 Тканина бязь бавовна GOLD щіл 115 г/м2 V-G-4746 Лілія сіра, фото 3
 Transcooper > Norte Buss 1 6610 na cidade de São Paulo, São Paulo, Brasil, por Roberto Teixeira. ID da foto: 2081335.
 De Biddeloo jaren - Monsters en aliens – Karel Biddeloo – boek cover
--
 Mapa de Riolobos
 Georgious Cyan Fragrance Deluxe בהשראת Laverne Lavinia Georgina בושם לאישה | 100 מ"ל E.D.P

- [WORK ITEM] Copy out the range of lines above starting at the line with "Mapa de Riolobos" and ending at the line with "Georgious Cyan Fragrance", exactly and including both.

- [THE ANSWER]
 Mapa de Riolobos
 Georgious Cyan Fragrance Deluxe בהשראת Laverne Lavinia Georgina בושם לאישה | 100 מ"ל E.D.P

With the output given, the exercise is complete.